[What to work on] Beneath this line is the data. Output exactly the lines from the line with "Visit Exposure.software to" to the line with "Hey there! Today, I'll", both ends included, and nothing more.

[Records shown]

==============================

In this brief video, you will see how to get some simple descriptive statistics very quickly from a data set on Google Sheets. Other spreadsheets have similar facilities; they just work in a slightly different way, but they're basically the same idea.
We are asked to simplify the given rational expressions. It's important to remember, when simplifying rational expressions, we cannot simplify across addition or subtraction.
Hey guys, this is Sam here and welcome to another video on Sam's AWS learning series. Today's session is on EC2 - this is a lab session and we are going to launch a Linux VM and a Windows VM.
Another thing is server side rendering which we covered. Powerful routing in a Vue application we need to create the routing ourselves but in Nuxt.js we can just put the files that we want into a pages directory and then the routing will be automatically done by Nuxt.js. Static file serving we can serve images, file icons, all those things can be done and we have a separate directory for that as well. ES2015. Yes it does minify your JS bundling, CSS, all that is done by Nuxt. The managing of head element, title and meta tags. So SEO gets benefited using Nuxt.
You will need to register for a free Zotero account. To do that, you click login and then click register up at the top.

==============================

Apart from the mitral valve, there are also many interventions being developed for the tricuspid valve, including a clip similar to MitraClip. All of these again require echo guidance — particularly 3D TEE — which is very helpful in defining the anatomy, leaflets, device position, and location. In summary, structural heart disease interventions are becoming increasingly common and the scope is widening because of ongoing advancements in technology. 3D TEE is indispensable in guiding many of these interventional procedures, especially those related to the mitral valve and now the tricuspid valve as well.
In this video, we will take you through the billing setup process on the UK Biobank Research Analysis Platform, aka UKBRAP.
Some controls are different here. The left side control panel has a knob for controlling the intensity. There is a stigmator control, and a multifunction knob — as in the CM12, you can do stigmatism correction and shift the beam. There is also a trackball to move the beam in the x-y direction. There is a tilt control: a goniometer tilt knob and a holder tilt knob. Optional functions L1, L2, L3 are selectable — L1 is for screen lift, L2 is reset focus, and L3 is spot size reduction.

==============================

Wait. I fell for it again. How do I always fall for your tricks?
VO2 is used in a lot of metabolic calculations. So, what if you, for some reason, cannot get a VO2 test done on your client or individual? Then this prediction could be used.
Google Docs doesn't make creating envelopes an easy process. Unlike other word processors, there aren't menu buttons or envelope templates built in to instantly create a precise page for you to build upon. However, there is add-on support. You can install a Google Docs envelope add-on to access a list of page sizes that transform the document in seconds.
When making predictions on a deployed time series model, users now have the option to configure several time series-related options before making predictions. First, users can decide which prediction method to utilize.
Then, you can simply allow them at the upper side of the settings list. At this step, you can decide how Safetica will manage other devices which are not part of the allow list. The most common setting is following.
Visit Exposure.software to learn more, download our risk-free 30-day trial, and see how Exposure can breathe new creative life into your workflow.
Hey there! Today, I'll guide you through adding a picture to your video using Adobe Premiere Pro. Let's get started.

==============================

[Task solution]
Visit Exposure.software to learn more, download our risk-free 30-day trial, and see how Exposure can breathe new creative life into your workflow.
Hey there! Today, I'll guide you through adding a picture to your video using Adobe Premiere Pro. Let's get started.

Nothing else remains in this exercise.